(Beginning of Material provided)
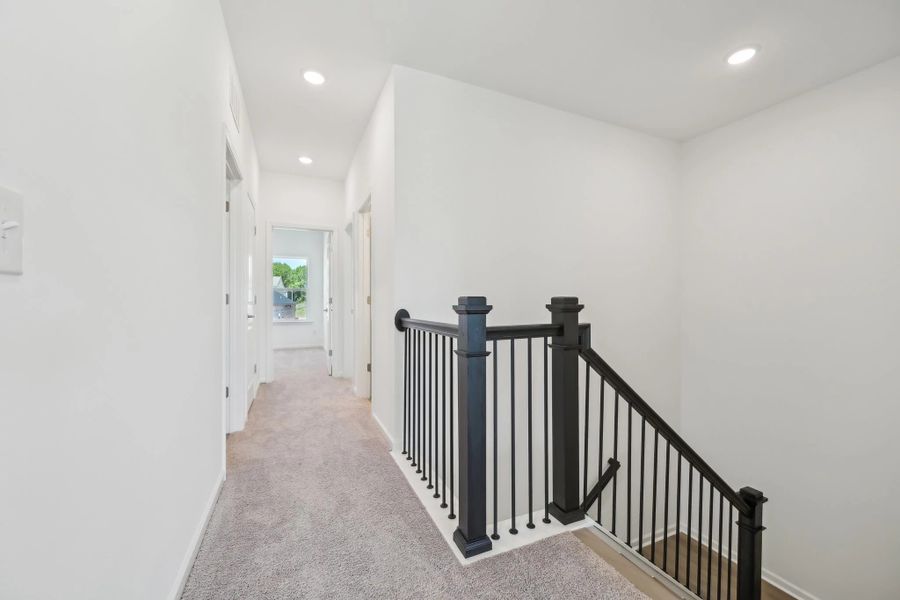 Representative images and renderings are for illustrative purposes. Actual structural options and design finishes of home may vary. Representative images and renderings are for illustrative purposes. Actual structural options and design finishes of home may vary.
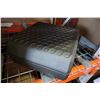 Image 6 : MEDIUM SIZED GREY AND BLACK SENTRY SAFE W/ 2 KEYS
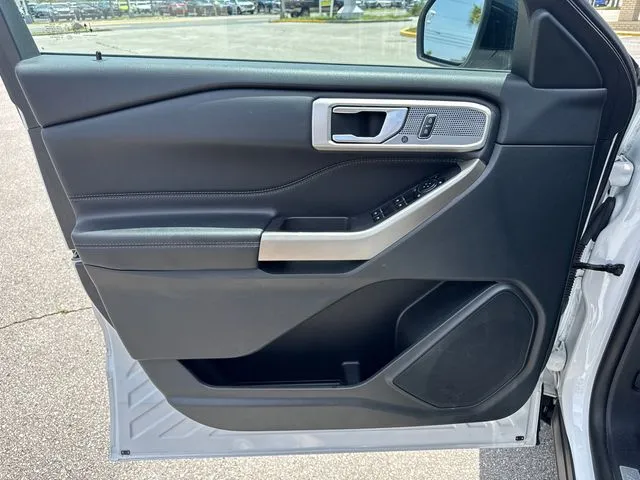 2023 Ford Explorer Limited thumbnail 12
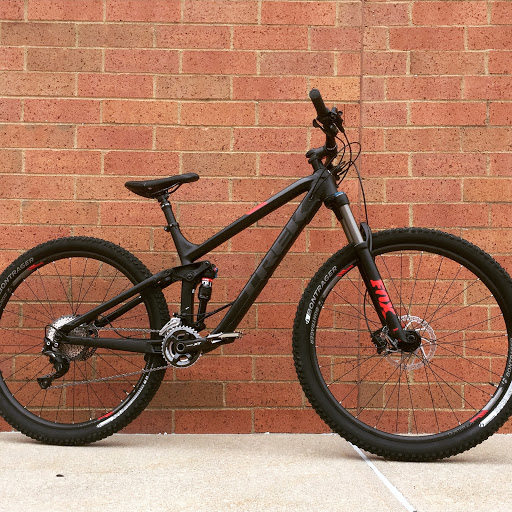 Bicycle Store «Trek Bicycle Columbus Dublin», reviews and photos, 2720 Sawmill Pl Blvd, Columbus, OH 43235, USA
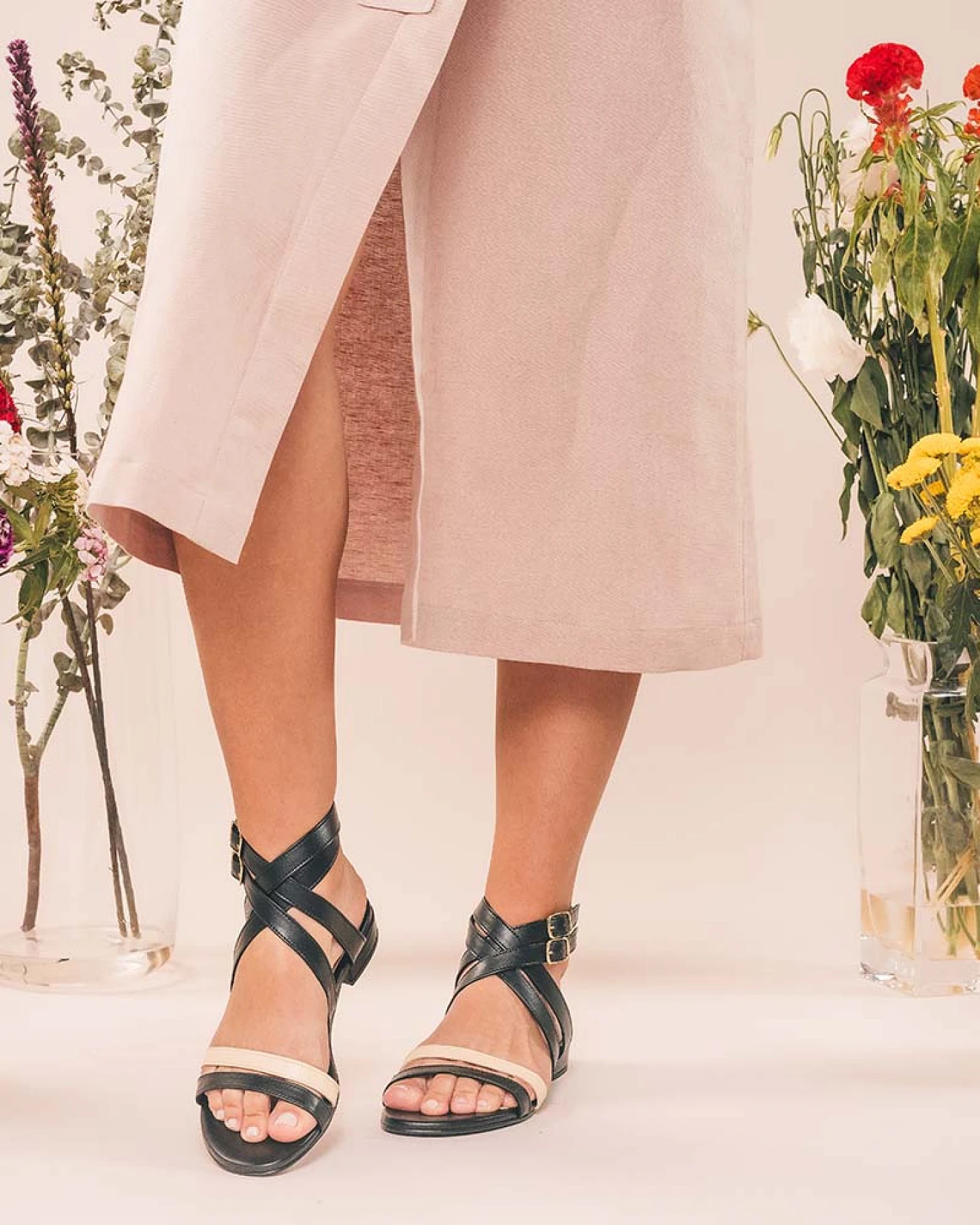 NAE Damen vegan Sandalen Olga Beige Schwarz – Ansicht 2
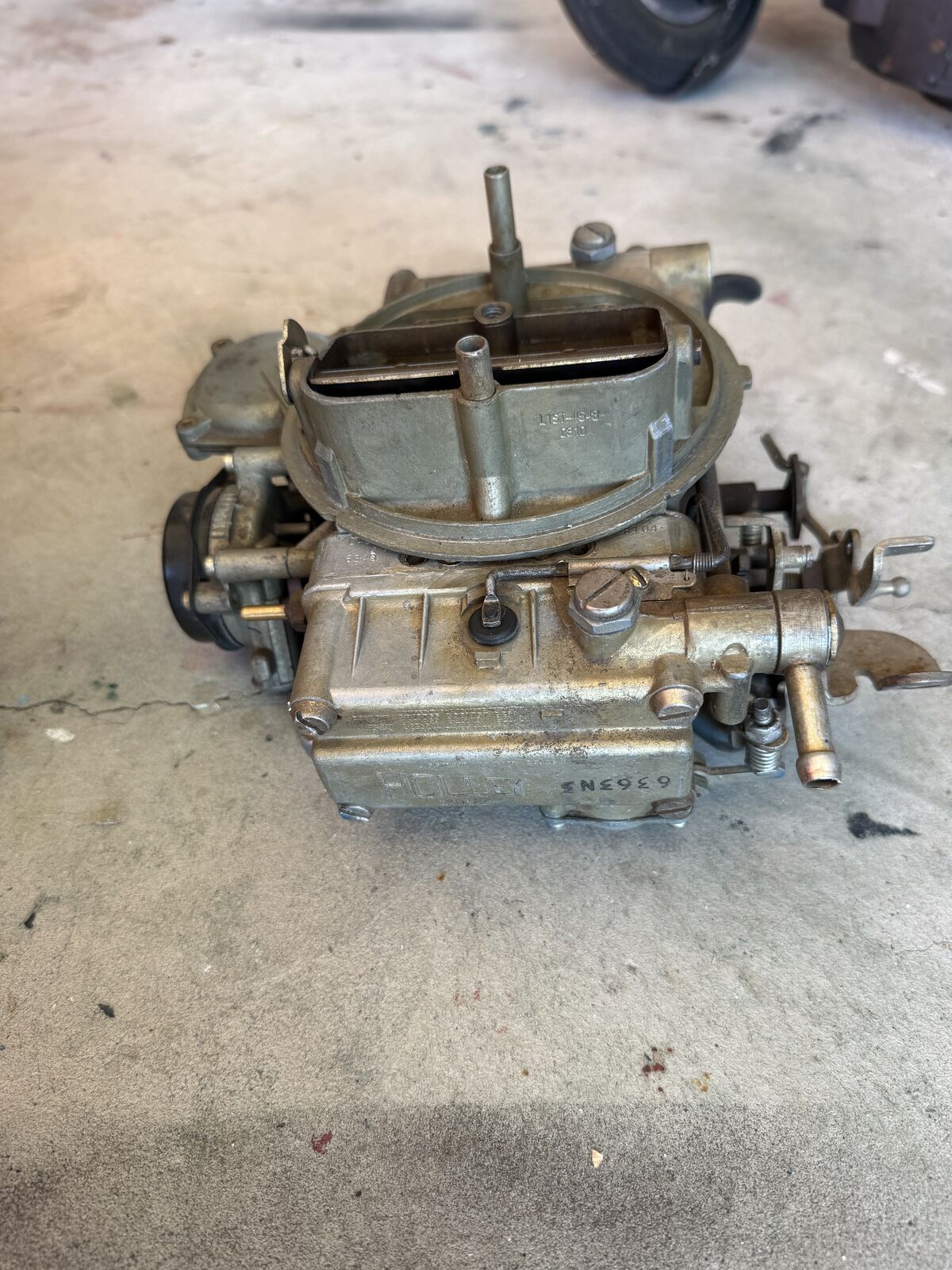 Holley carb 600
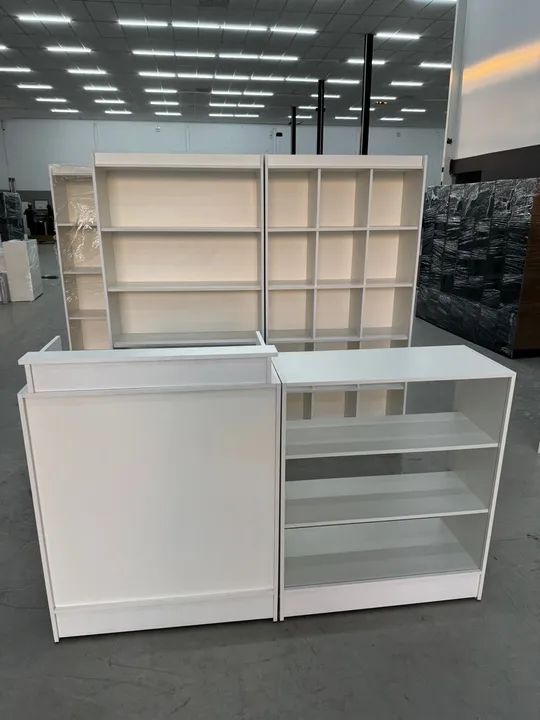 Kit Balcão caixa c/ vitrine + Prateleira + Colmeia MDF  - Foto 2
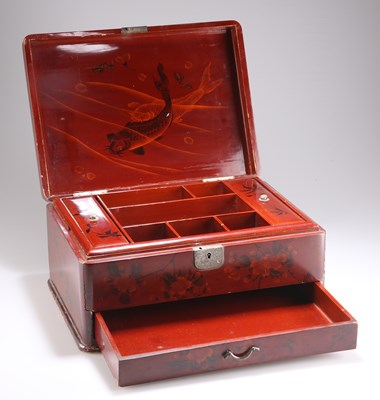 Lot 672 - A JAPANESE RED LACQUER JEWELLERY BOX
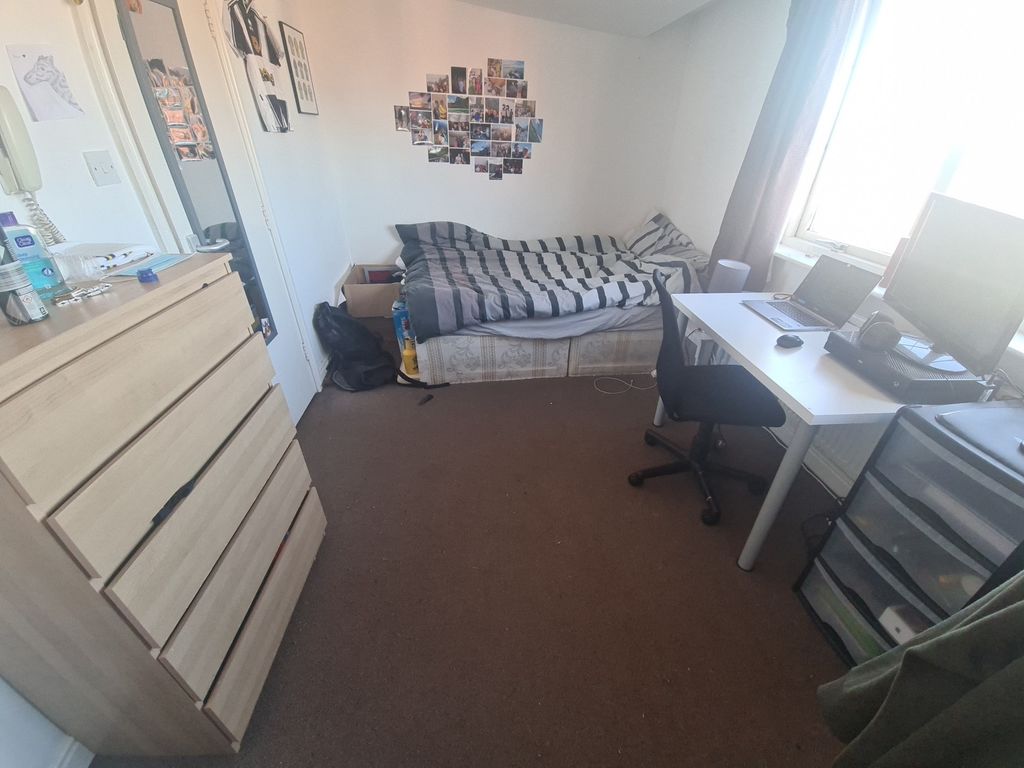 Property photo 3 of 16 A Well-Sized, Inviting Living Room Featuring A Com...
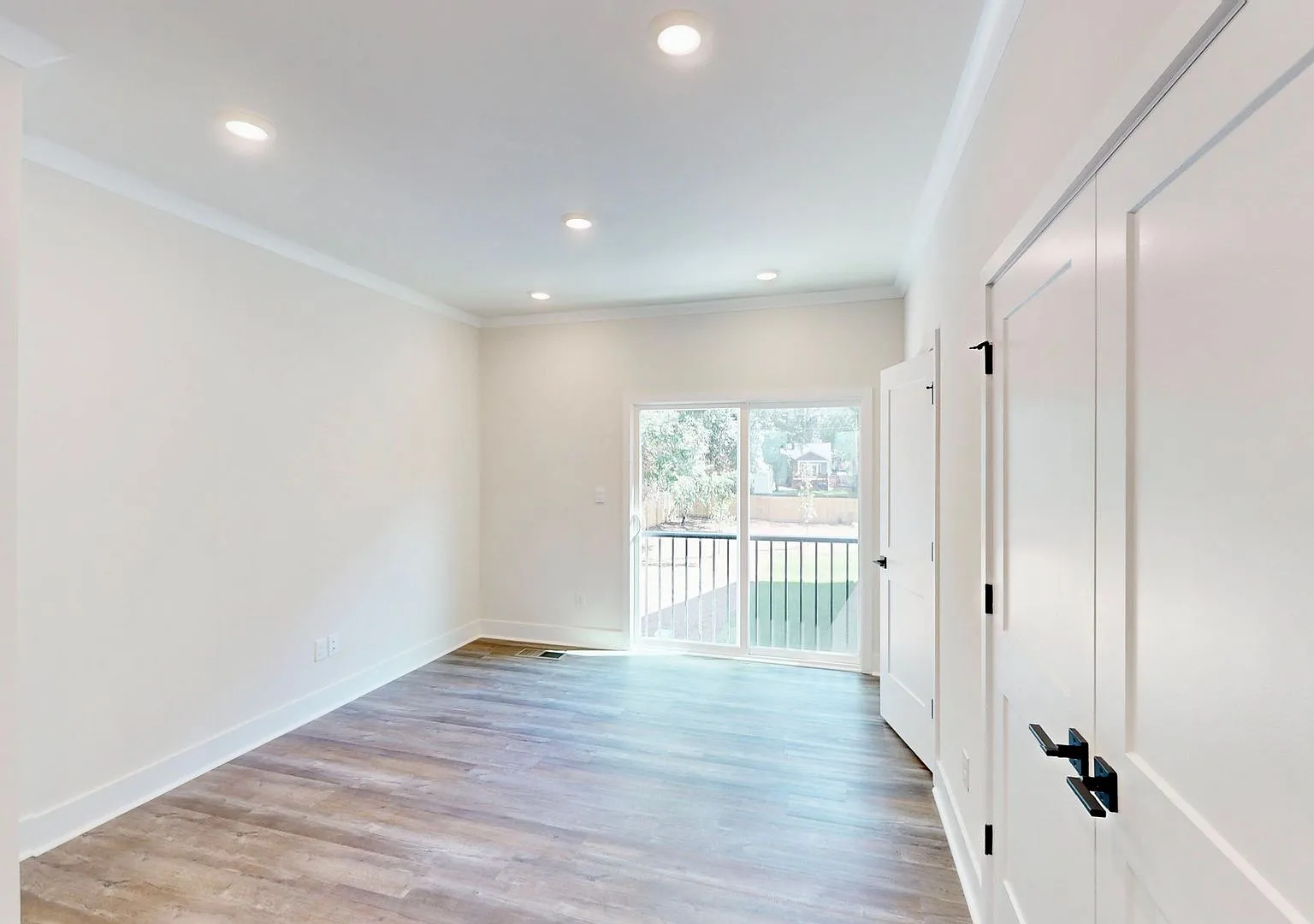 3640 Spencer Street — Photo 4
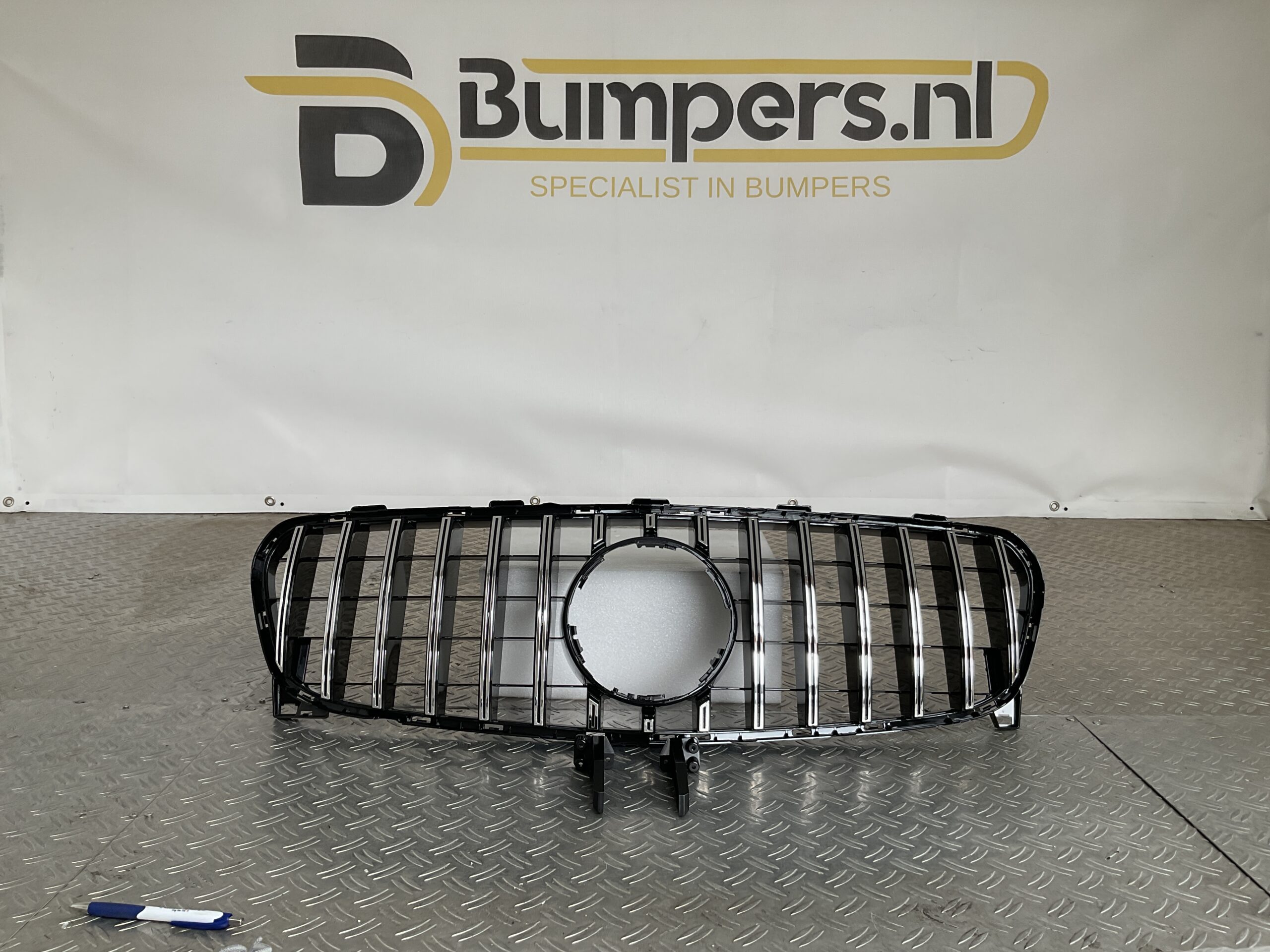 Grill Mercedes GLA Klasse W156 Facelift 16-19 GT Panamericana Grille Chrome W156-FL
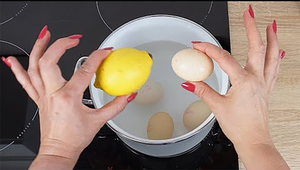 Luộc trứng với chanh có tác dụng gì?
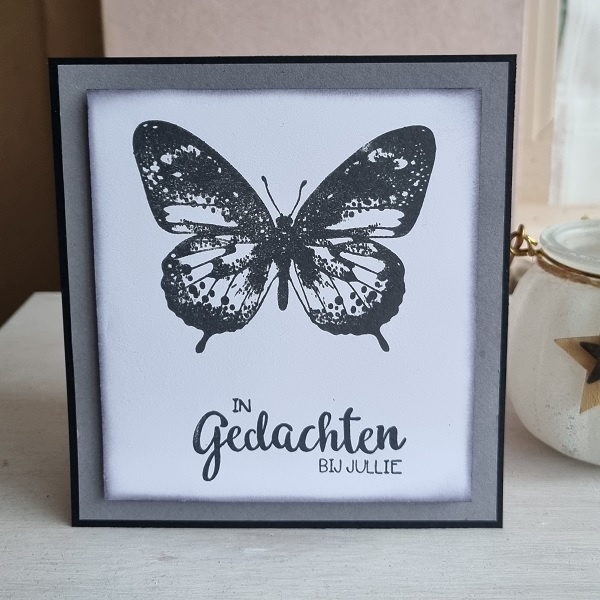 Wenskaart - In gedachten bij jullie (grote vlinder)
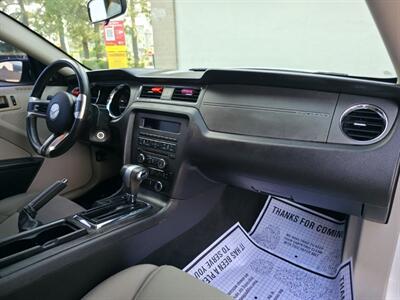 2010 Ford Mustang V6 Premium   - Photo 18 - Sacramento, CA 95815
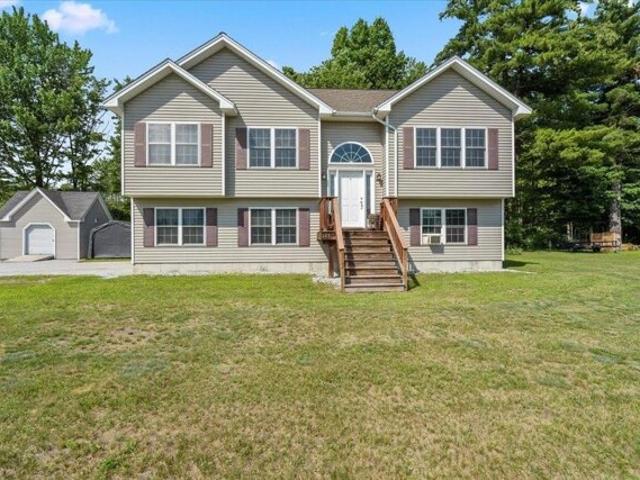 Meadow Ln, Highgate, Home For Sale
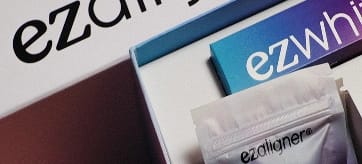 Embalagens de produtos ezaligner sobre mesa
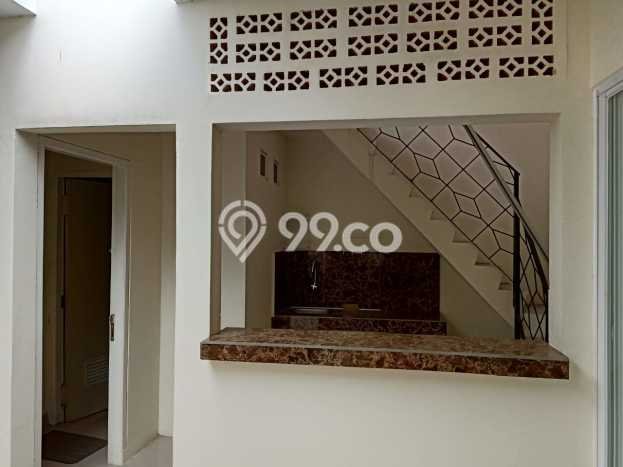 Rumah Elit Modern Tanpa Renovasi di BSD City Tangerang Rumah Elit Modern Tanpa Renovasi di BSD City Tangerang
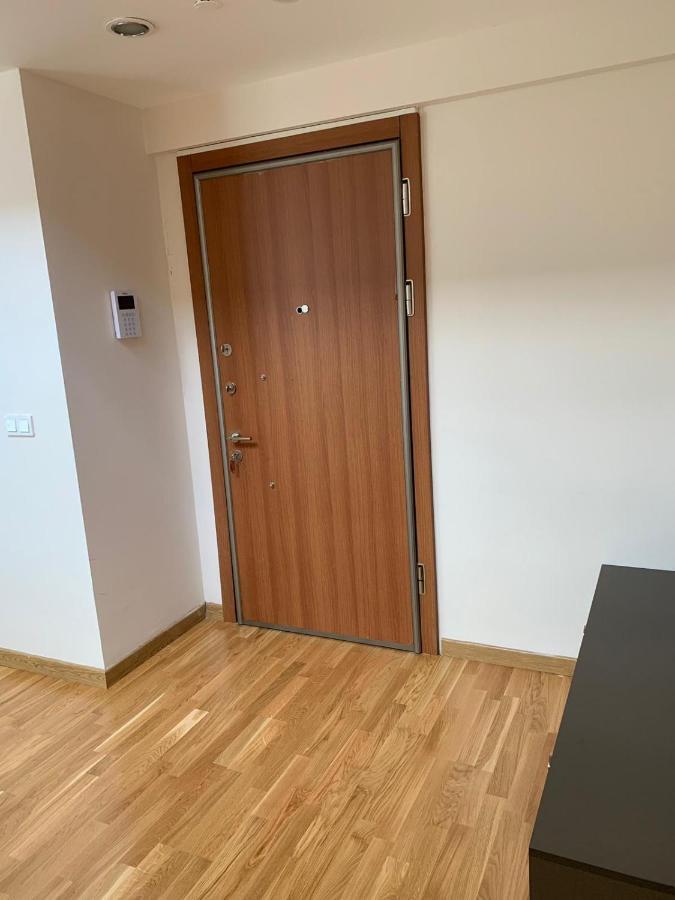 Koza Park - Luxurious Two Bedroom Duplex Near Akbati Mall And Tennis Academy *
(End of Material provided)
*Work instruction*
Write out each line of the data above exactly, starting at the top and finishing with the line containing "2023 Ford Explorer Limited thumbnail 12"; omit the pictures.

*Solution*
 Representative images and renderings are for illustrative purposes. Actual structural options and design finishes of home may vary. Representative images and renderings are for illustrative purposes. Actual structural options and design finishes of home may vary.
 Image 6 : MEDIUM SIZED GREY AND BLACK SENTRY SAFE W/ 2 KEYS
 2023 Ford Explorer Limited thumbnail 12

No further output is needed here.